What would be fair, and exemplary of America the free, is for Her Excellency to break similar ground as she did with the then Opposition Leader (now omnipotent VP), and soil her diplomatic hands with not politics, but business this time. If Ambassador Lynch could have gone to the lengths she did, and done the unprecedented and unmentionable in 2019-20 in Guyana’s political affairs, then she should and must do the same in the oil business of Guyana. The oil business of Guyana is not the lameness of matters best left to be hammered out between competent private parties. No, Madam Ambassador; hell no!
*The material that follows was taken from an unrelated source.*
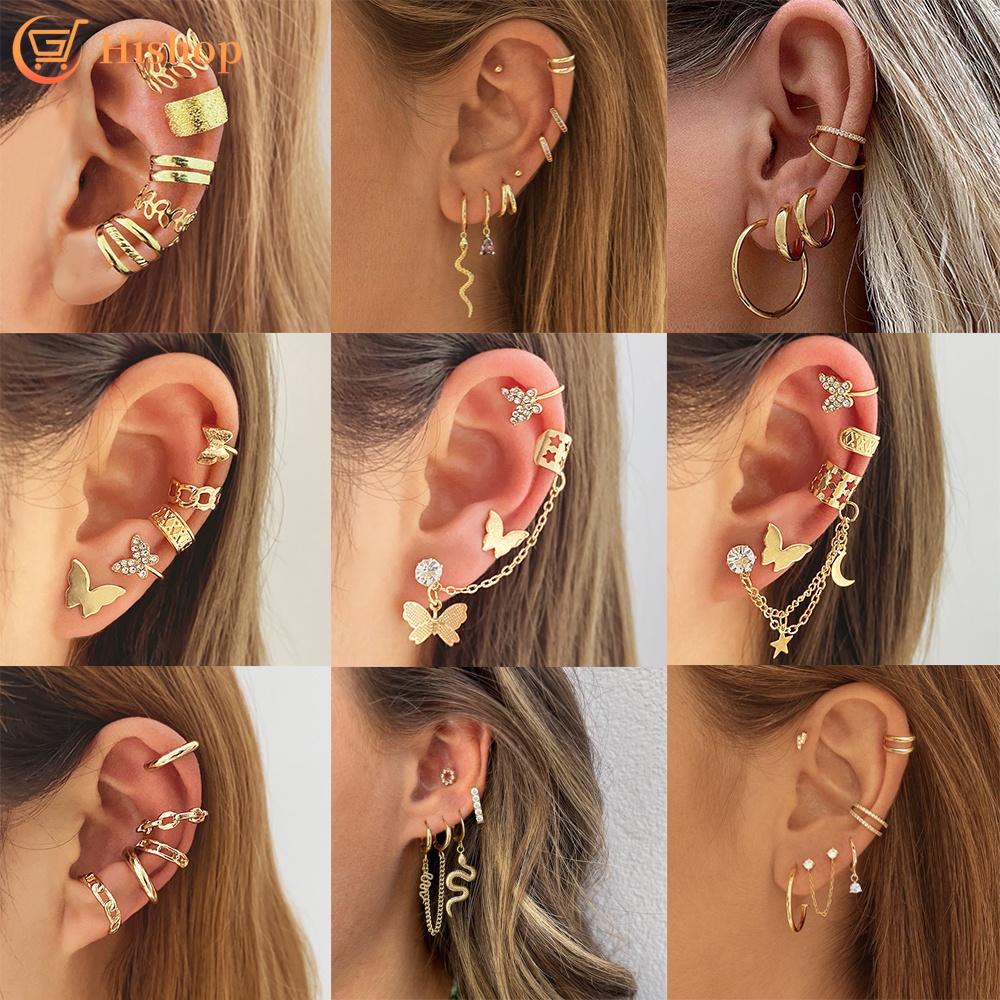 Bộ Khuyên Tai Đính Đá Phong Cách Vintage Dành Cho Nữ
My fellow American. This is too huge, too lopsided, too crucial to be left to the hands of the PPP, PNC, Messrs. Darren Woods and Alistair Routledge. Americans should remember Reza Pahlavi and what ensued.
People are wrathful here. One Guyanese plunged into stormy waters: Joint Services. And it is all interwoven with oil patrimony, American style democracy, and Guyana’s one-sided prosperity. It tangles with the same inclusivity of which Ambassador Lynch used to speak fairly frequently, but which has since fled her vocabulary; or abandoned as untimely and unseeming. Her intelligence sources should inform Ambassador Lynch that Guyana is a powder keg. A man with a reputation among some Guyanese as a freedom fighter just tossed a cigarette that glows dangerously. The PPP Government, its President, Vice President, the PNC Opposition, and Ambassador Lynch are all savvy enough to understand my meanings, my thrusts, my concerns. They all had better make what I hold high, as their priorities, too. Guyana’s continuity as a partially orderly polity.
I discard the niceties, for a moment, about humbly and respectfully, for if this is not addressed with American leadership and American intervention in the oil business of Guyana, then Armageddon swirls. What that man dared to call for, pierced, is what stirs in many Guyanese bosoms. They have been ostracized, marginalized, demonized, and terrorized. All know so, and none like the Ambassador. She can sit on her hands, Guyanese can sift through ashes, should they so desire when that time comes. This country is on edge. It doesn’t take much to push it over that edge.
(The views expressed in this article are those of the author and do not necessarily reflect the opinions and beliefs of this newspaper and its affiliates.)